Actes - Consultation par auteur > Férezin Elodie

Les blogs et leurs usages politiques : est-ce que l'usage des Tic, et notamment celui du blog en politique, contribue à transformer le processus de formation de l'opinion publique ?
Elodie Férezin  1@  
1 : Centre d'Etude et de Recherche Travail Organisation Pouvoir  (CERTOP)  -  Site web
CNRS : UMR5044, Université Toulouse le Mirail - Toulouse II, Université Paul Sabatier - Toulouse III
5 Allée Antonio Machado 31058 TOULOUSE CEDEX 1 -  France

Introduction

 

Cet article s'inscrit dans le cadre d'une recherche doctorale en cours dont l'attention se tourne vers les liens entre démocratie écologique et aménagement du territoire.

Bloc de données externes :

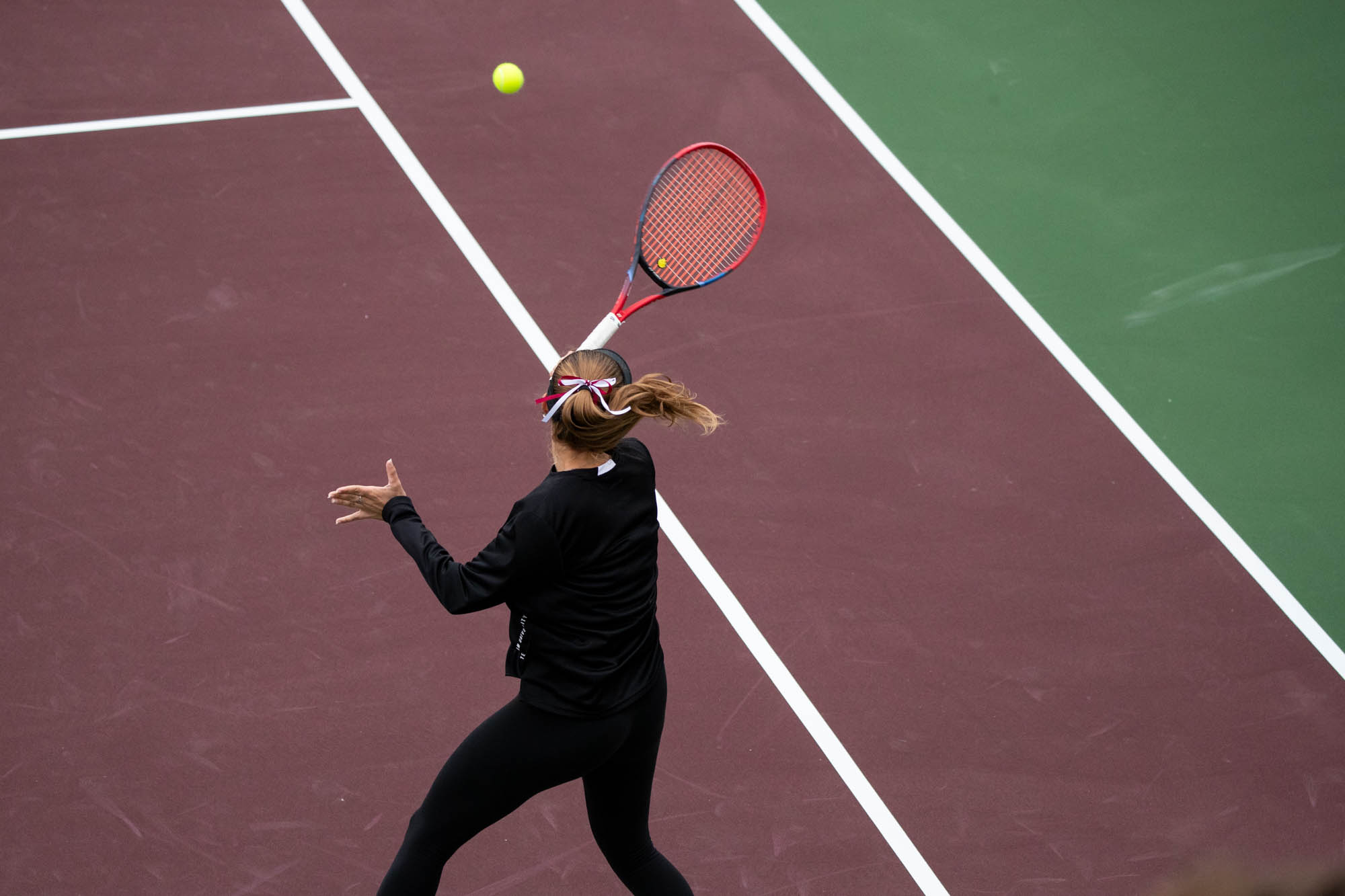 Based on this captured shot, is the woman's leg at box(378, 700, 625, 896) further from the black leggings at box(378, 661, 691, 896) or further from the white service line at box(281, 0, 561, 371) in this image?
the white service line at box(281, 0, 561, 371)

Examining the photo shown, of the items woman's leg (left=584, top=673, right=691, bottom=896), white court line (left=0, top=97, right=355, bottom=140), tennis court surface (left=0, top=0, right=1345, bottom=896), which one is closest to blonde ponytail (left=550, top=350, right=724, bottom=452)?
woman's leg (left=584, top=673, right=691, bottom=896)

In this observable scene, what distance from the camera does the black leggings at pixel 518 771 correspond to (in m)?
3.75

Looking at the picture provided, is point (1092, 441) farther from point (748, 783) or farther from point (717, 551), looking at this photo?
point (748, 783)

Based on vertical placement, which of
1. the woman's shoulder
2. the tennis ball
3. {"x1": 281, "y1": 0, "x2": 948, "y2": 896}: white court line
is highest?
the woman's shoulder

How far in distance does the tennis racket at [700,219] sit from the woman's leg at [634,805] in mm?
1538

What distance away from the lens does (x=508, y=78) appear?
24.5 ft

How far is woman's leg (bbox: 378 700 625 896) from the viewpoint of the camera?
148 inches

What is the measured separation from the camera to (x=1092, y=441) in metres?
6.47

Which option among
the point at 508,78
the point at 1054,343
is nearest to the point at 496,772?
the point at 1054,343

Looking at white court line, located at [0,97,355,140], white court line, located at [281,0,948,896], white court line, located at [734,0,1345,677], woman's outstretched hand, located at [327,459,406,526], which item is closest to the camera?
woman's outstretched hand, located at [327,459,406,526]

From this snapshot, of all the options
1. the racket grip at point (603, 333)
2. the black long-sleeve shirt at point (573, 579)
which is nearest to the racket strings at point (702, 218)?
the racket grip at point (603, 333)

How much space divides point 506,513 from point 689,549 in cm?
77

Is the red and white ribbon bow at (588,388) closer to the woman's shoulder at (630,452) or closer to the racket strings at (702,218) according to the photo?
the woman's shoulder at (630,452)

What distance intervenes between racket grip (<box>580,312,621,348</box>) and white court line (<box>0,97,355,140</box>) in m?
4.13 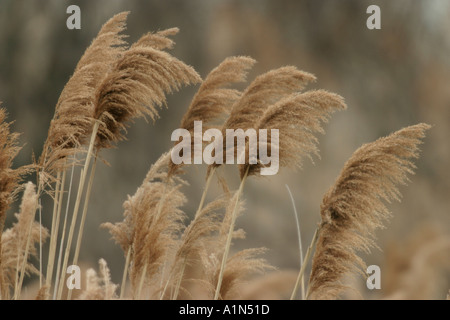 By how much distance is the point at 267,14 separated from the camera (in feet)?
27.4

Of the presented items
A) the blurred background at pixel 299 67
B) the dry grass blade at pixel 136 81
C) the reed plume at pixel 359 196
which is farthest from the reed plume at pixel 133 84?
the blurred background at pixel 299 67

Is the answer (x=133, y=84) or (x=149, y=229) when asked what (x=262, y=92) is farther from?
(x=149, y=229)

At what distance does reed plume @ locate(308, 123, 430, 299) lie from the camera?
2.48m

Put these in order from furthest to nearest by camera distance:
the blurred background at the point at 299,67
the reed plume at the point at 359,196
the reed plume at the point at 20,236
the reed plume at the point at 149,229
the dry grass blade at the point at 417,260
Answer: the dry grass blade at the point at 417,260 → the blurred background at the point at 299,67 → the reed plume at the point at 20,236 → the reed plume at the point at 149,229 → the reed plume at the point at 359,196

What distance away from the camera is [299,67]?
329 inches

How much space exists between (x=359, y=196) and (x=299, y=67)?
6.05 metres

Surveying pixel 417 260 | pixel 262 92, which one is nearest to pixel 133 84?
pixel 262 92

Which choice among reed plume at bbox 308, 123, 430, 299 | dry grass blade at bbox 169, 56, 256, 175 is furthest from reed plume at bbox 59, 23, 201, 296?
reed plume at bbox 308, 123, 430, 299

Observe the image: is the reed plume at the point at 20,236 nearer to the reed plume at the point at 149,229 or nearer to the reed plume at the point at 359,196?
the reed plume at the point at 149,229

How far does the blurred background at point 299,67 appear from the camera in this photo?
795 centimetres

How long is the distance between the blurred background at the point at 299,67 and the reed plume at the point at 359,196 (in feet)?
17.7

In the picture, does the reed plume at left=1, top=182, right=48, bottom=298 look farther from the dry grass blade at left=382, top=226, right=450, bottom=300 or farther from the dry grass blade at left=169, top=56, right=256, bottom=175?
the dry grass blade at left=382, top=226, right=450, bottom=300

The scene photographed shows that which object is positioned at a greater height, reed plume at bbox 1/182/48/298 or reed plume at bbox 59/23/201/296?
reed plume at bbox 59/23/201/296

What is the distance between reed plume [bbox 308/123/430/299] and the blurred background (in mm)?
5397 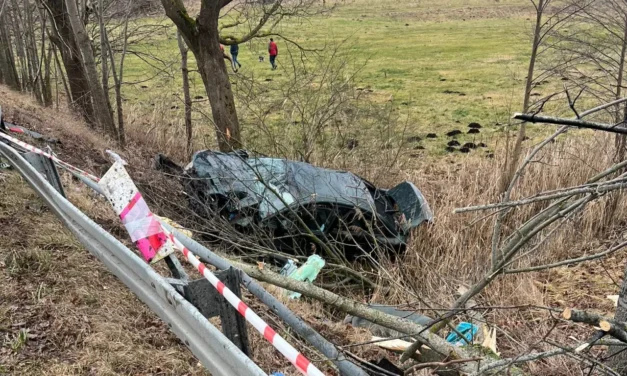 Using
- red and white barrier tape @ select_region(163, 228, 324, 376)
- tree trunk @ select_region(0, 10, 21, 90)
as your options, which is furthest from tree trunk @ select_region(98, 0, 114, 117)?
red and white barrier tape @ select_region(163, 228, 324, 376)

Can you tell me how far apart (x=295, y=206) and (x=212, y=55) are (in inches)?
211

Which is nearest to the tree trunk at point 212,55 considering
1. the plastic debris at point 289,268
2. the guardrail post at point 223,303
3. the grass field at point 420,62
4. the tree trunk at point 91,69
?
the grass field at point 420,62

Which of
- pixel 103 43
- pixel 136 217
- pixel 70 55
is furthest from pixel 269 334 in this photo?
pixel 70 55

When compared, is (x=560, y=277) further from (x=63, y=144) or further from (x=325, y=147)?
(x=63, y=144)

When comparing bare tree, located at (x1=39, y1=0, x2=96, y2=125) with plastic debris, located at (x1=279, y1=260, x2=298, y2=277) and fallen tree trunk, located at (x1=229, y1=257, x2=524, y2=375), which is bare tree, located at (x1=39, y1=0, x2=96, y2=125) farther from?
fallen tree trunk, located at (x1=229, y1=257, x2=524, y2=375)

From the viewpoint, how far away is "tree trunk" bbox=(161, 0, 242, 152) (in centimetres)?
1054

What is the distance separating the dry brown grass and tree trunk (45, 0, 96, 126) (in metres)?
3.08

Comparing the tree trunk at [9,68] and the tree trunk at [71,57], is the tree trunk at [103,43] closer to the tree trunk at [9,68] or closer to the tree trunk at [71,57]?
the tree trunk at [71,57]

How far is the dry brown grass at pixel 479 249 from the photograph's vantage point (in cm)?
471

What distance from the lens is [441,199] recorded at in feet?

L'étude de cas porte sur le projet de ligne ferroviaire à grande vitesse Bordeaux-Toulouse. Un tel projet d'infrastructure, en raison de son fort impact environnemental a fait l'objet d'une procédure de débat public en 2005 permettant de confirmer par le maitre d'ouvrage, Réseau Ferré de France (RFF) l'opportunité du projet. Dès 2009, l'Etat et RFF mettent en place un dispositif de concertation visant à l'élaboration du tracé avec les collectivités locales et les riverains concernés. C'est à ce moment là qu'éclate, dans l'Agenais, territoire traversé par la LGV, une forte contestation concernant l'opportunité du projet.

 

Problématique

 

Afin de saisir comment la participation du public vient façonner un projet d'une telle envergure, il n'est pas possible d'analyser seulement le moment du débat public. Dans son modèle de la théorie délibérative, Habermas défend l'idée d'un « agir communicationnel »[1] qui prend place au sein de la société civile. Il accorde une importance aux procédures formelles du débat institutionnalisé comme cadre nécessaire à l'échange d'arguments et à la construction légitime de la volonté collective. Toutefois, l'approche habermassienne nous invite à élargir « les fondements du processus démocratique en conférant une place essentielle à la formation de l'opinion publique telle qu'elle se construit dans l'espace public autonome»[2]. Autrement dit, dans cette perspective, le débat public institutionnalisé constitue un des espaces privilégiés au sein duquel se construit une opinion collective, mais c'est en mettant au cœur de l'analyse le processus de formation de l'opinion publique qu'il devient alors possible de saisir ces autres espaces de débat. En ce sens, le développement d'Internet, et notamment l'utilisation du blog, entraîne une démultiplication de ces espaces possibles de mise en discussion ou en débat d'une thématique. Comme le souligne M-G. Suraud, « la prise en compte de l'agir civique, en amont et en aval d'une participation institutionnalisée à la vie politique représente une clé pour l'analyse des expériences participatives »[3].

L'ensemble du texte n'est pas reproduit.